## Problem statement
Below are records to reproduce in full; copy them exactly but keep the pictures out.

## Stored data
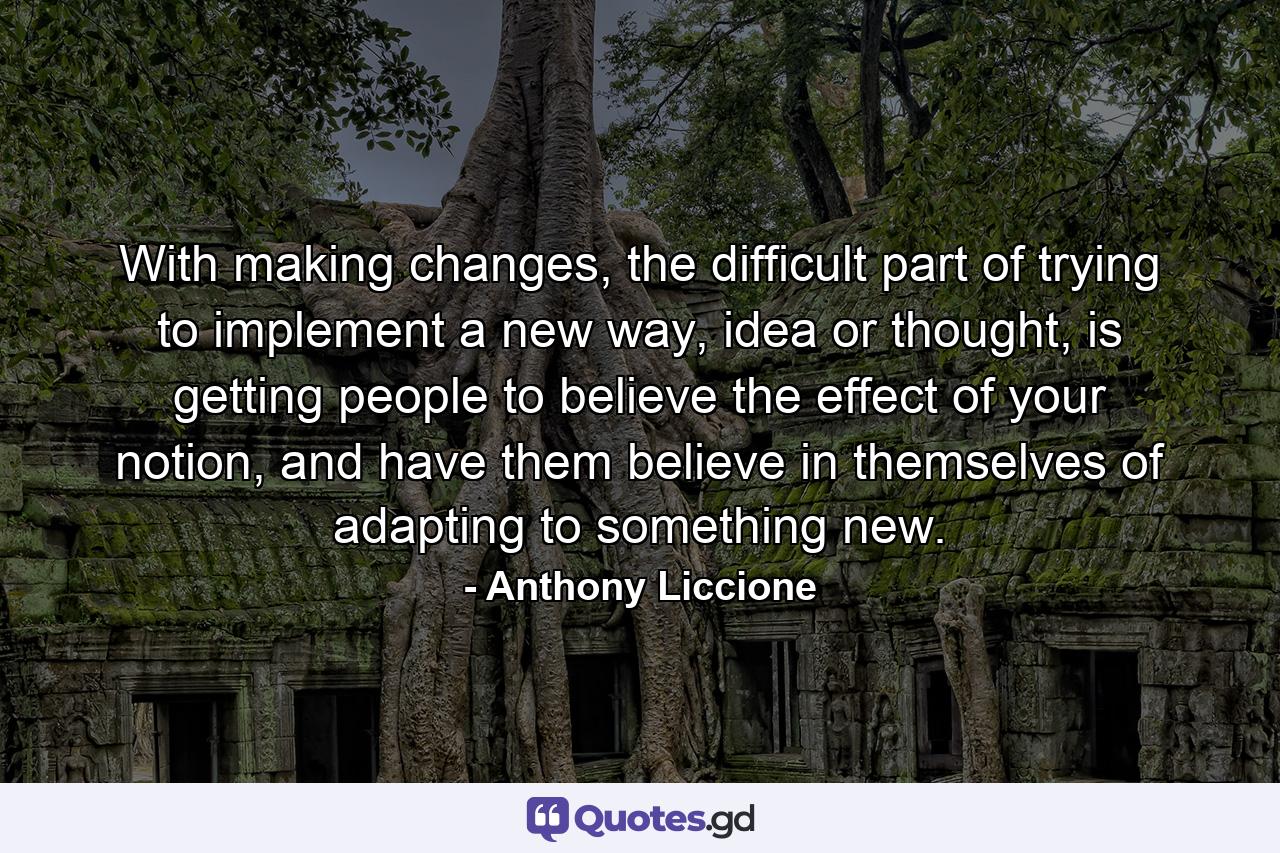 With making changes, the difficult part of trying to implement a new way, idea or thought, is getting people to believe the effect of your notion, and have them believe in themselves of adapting to something new. - Quote by Anthony Liccione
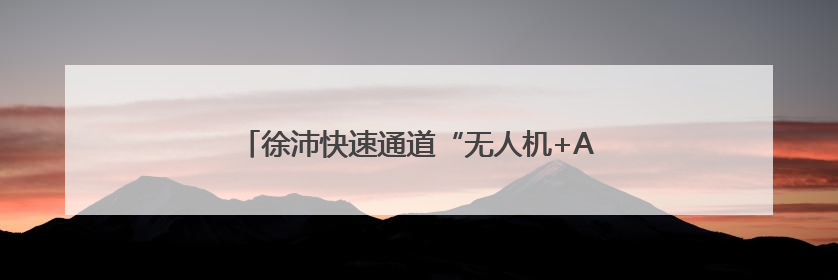徐沛快速通道“无人机+AI”智能巡查实现全覆盖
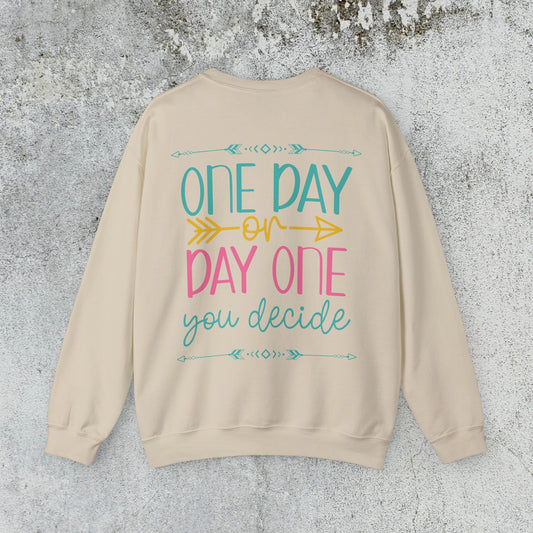 One Day or Day One Sweatshirt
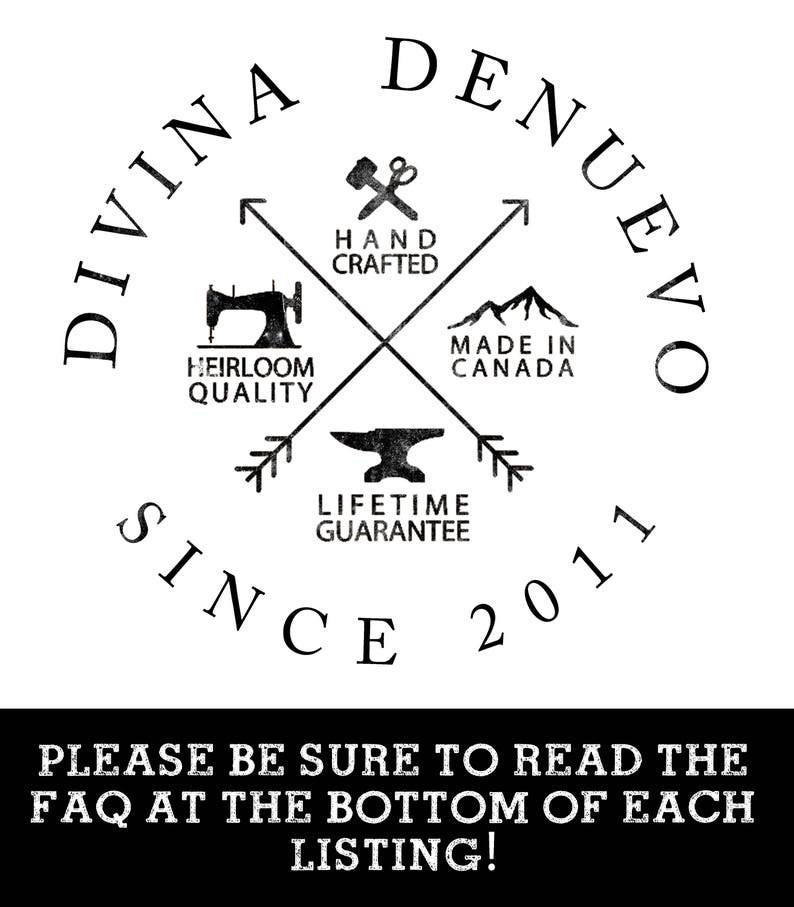 May include: Black and white logo with the text "Divina Denuevo Since 2011". The logo features a sewing machine, a hammer and chisel, a mountain range, and an anvil. The text "Hand Crafted", "Heirloom Quality", "Made in Canada", and "Lifetime Guarantee" are also included.
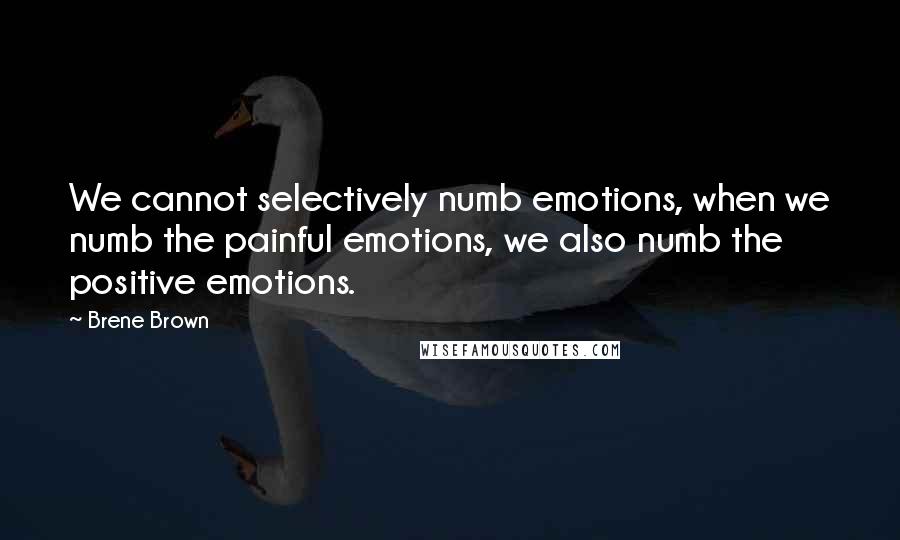 Brene Brown Quotes: We cannot selectively numb emotions, when we numb the painful emotions, we also numb the positive emotions.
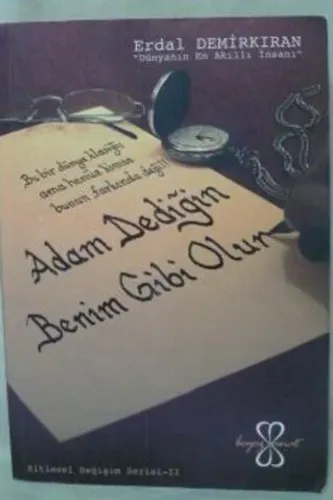 Adam Dediğin Benim Gibi Olur
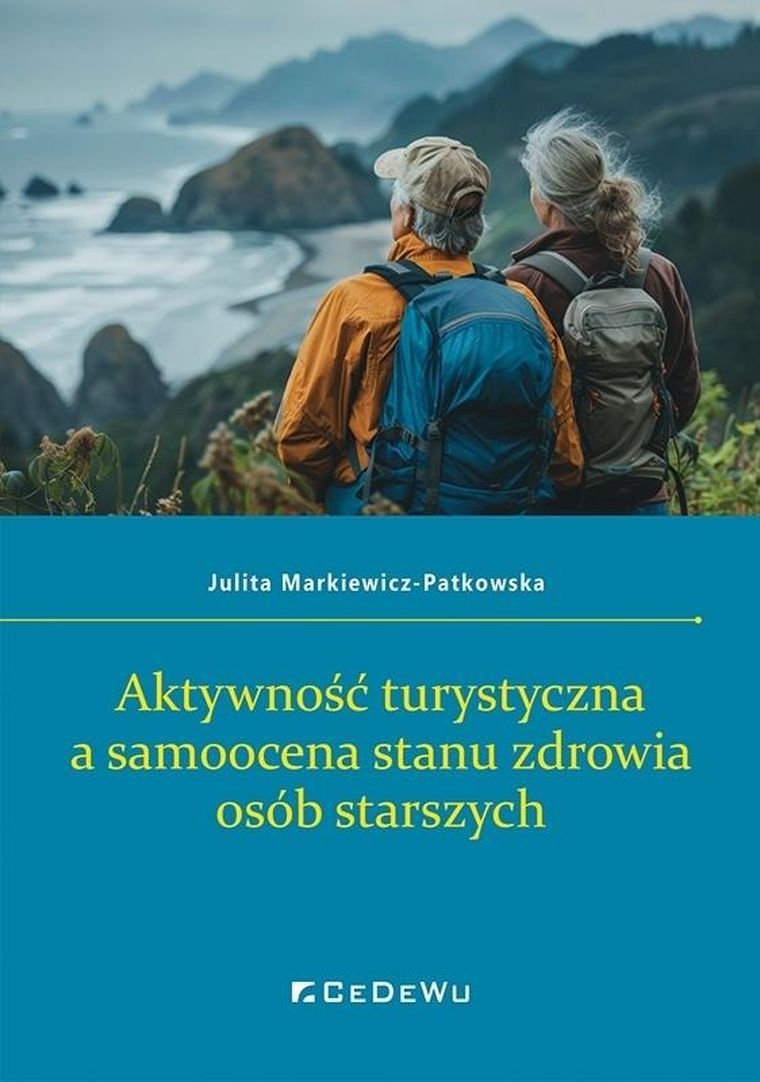 Aktywność turystyczna a samoocena stanu zdrowia osób starszych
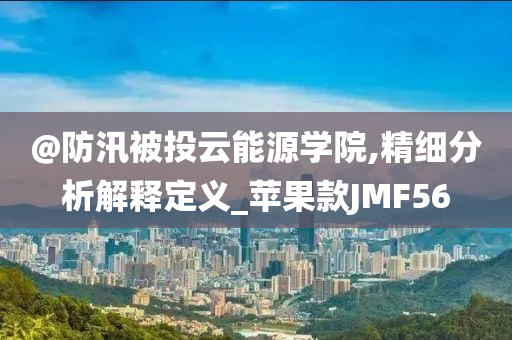 @防汛被投云能源学院,精细分析解释定义_苹果款JMF56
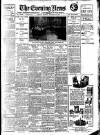Evening News (London) Monday 19 January 1914 Page 1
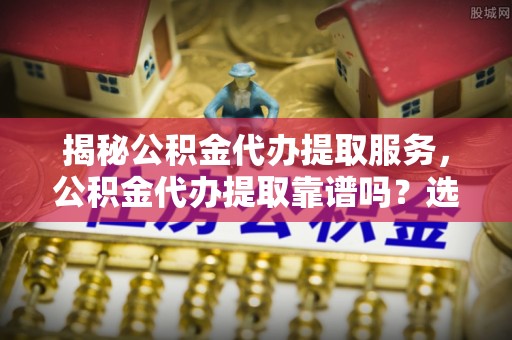 轮台揭秘公积金代办提取服务，公积金代办提取靠谱吗？选择前你需要知道这些！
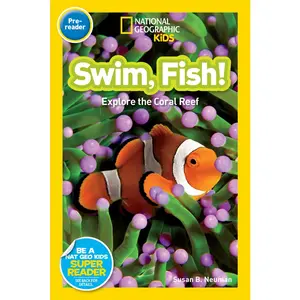 USED-Swim, Fish! (National Geographic Kids Readers, Pre-Reader): Explore the Coral Reef by Neuman, Susan B. (Paperback)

## Expected answer
 With making changes, the difficult part of trying to implement a new way, idea or thought, is getting people to believe the effect of your notion, and have them believe in themselves of adapting to something new. - Quote by Anthony Liccione
徐沛快速通道“无人机+AI”智能巡查实现全覆盖
 One Day or Day One Sweatshirt
 May include: Black and white logo with the text "Divina Denuevo Since 2011". The logo features a sewing machine, a hammer and chisel, a mountain range, and an anvil. The text "Hand Crafted", "Heirloom Quality", "Made in Canada", and "Lifetime Guarantee" are also included.
 Brene Brown Quotes: We cannot selectively numb emotions, when we numb the painful emotions, we also numb the positive emotions.
 Adam Dediğin Benim Gibi Olur
 Aktywność turystyczna a samoocena stanu zdrowia osób starszych
 @防汛被投云能源学院,精细分析解释定义_苹果款JMF56
Evening News (London) Monday 19 January 1914 Page 1
 轮台揭秘公积金代办提取服务，公积金代办提取靠谱吗？选择前你需要知道这些！
 USED-Swim, Fish! (National Geographic Kids Readers, Pre-Reader): Explore the Coral Reef by Neuman, Susan B. (Paperback)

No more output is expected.